There are several permaculture based veg box schemes in the area such as North East Organic Growers, a co-operative based near Bedlington all supplying locally grown organic produce to the area creating a sense of community and producing seasonal produce in a more sustainable way. Obviously this comes at a price and with an increasing percent of the population on stagnant incomes this is not an option for everyone.

On the way to Hexham I had seen a field which was filled with poppies, it looked like a memorial installation to commemorate the First World War but after asking Mark about it he explained that since Europe had banned certain weed killers, poppies had been easily able to grow again alongside wheat and I thought it was an interesting example of how European policy literally had changed how our landscape looked visually. Even down to the crops we are growing. Rapeseed for example, is soaring in popularity due to recent reports of olive oil prices spiraling after a poor European harvest and a bacteria outbreak affecting Italian olive trees. Rapeseed has such a striking yellow colour that it can dominate any landscape and challenge our concept of the British landscape made up of the traditional greens and browns. Rapeseed itself is also a controversial crop as it is often intensely farmed reliant on heavy use of pesticides and weed killers.
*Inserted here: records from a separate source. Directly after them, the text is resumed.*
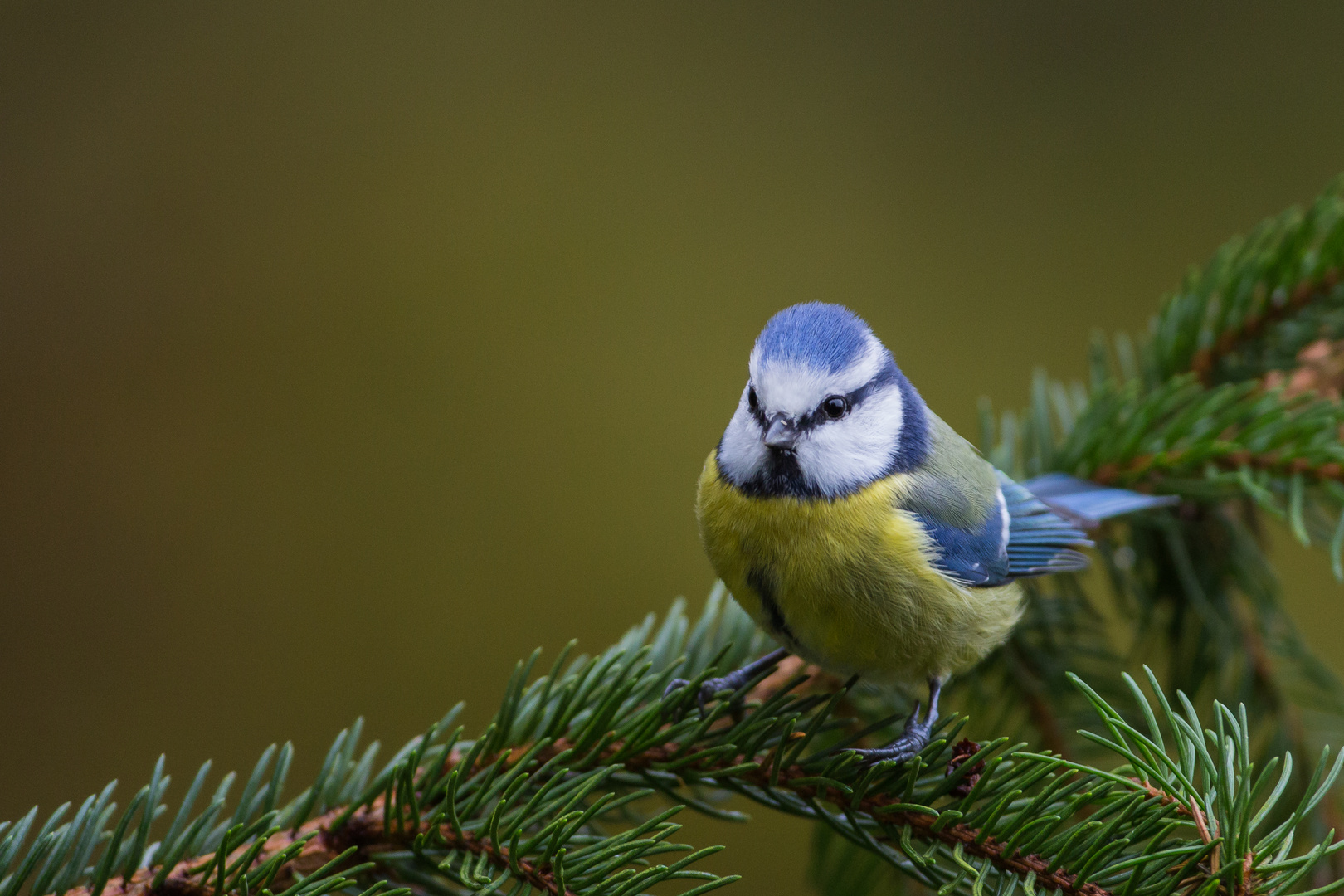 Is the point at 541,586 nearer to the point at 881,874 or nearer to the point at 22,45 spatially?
the point at 881,874

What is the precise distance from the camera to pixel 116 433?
6.68 feet

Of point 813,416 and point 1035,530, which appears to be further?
point 1035,530

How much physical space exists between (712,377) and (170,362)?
111 centimetres

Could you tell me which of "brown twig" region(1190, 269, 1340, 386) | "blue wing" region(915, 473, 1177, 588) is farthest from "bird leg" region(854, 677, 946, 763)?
"brown twig" region(1190, 269, 1340, 386)

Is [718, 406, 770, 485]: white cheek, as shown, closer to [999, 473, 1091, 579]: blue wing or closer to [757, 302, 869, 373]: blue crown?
[757, 302, 869, 373]: blue crown

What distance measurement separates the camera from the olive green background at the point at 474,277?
200 centimetres

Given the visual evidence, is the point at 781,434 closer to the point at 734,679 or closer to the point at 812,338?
the point at 812,338

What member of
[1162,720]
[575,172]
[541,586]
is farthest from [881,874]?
[575,172]

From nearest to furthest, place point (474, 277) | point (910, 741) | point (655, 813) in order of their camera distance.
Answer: point (655, 813) < point (910, 741) < point (474, 277)

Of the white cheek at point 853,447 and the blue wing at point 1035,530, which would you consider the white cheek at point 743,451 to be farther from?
the blue wing at point 1035,530

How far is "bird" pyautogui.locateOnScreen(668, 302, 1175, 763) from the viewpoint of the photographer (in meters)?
1.06

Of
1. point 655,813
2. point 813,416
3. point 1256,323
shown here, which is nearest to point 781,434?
point 813,416

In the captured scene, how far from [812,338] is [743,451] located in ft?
0.48

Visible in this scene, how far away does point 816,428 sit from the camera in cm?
111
Finally we talk to a young researcher conducting tests into innovative crops which could grow in the UK partly in response to creating a more sustainable food production line and perhaps also with Brexit looming on the horizon; trying to find more profitable crops which grow easily in our climate. The two main trials were for Spelt and Buckwheat which again interested me in terms of the visual impact these would have on our landscape. The latter particularly having a striking appearance with fluffy white flowers protruding from the plant. A move towards a more plant based diet and unpredictable climate may also influence what we decide to grow in the future.

On the whole there was a lot less fear than I was expecting from a community so vulnerable to a no deal Brexit. There was also a unanimous feeling that the focus of the post Brexit agricultural policy would have to be working towards a greener and more sustainable future, although there was very little faith that the government would provide much support to aide these changes. Many were fastening their seatbelts preying that Boris Johnson didn’t get in – oh dear!

There were several more interviews conducted this week which I will discuss further in a future blog.

The research commission has been organised by Berwick Visual Arts with Newcastle University’s Institute for Creative Arts Practice and Centre for Rural Economy. The commission builds on the recently published report by the CRE ‘Brexit: Implications for the rural north of England’, which found these areas need  greater devolved decision making and a single, co-ordinated voice to avoid long-term issues being made worse by Brexit.